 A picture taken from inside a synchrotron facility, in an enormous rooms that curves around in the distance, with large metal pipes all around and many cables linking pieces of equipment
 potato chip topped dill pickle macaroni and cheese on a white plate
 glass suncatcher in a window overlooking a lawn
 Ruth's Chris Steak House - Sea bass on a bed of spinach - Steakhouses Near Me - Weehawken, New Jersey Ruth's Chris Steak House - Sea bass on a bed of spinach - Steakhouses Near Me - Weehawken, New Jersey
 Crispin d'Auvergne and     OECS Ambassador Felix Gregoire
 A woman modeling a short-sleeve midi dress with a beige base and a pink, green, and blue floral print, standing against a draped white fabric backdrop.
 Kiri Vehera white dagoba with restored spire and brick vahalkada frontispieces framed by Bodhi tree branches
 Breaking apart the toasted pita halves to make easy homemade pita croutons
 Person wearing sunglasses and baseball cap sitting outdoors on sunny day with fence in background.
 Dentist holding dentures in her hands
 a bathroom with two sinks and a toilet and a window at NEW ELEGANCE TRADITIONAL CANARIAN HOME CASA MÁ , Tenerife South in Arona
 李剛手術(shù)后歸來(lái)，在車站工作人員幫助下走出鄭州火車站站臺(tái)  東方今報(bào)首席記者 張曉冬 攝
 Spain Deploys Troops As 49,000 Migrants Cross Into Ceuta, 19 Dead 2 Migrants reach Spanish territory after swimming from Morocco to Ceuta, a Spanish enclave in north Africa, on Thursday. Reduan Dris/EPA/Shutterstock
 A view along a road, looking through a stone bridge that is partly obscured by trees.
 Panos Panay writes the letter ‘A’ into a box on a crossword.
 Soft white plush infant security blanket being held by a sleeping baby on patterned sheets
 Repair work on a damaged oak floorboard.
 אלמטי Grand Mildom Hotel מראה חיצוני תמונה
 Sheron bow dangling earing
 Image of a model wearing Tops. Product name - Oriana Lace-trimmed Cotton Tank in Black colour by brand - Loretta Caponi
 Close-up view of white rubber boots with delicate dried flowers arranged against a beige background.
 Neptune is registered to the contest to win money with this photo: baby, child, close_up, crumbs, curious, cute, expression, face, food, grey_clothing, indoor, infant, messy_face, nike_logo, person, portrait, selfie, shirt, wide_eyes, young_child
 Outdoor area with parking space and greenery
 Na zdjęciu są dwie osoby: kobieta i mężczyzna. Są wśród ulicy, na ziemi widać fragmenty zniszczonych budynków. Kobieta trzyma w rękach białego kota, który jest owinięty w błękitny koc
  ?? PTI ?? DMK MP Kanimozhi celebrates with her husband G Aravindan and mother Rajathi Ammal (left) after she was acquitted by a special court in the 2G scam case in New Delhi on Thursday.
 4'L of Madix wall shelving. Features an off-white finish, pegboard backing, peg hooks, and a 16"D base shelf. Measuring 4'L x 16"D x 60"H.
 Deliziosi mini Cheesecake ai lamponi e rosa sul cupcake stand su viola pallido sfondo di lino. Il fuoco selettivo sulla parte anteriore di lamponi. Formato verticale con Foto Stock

Task brief:
In the entries above, find each line with the word "beige" and copy it.

Answer to this exercise:
 A woman modeling a short-sleeve midi dress with a beige base and a pink, green, and blue floral print, standing against a draped white fabric backdrop.
 Close-up view of white rubber boots with delicate dried flowers arranged against a beige background.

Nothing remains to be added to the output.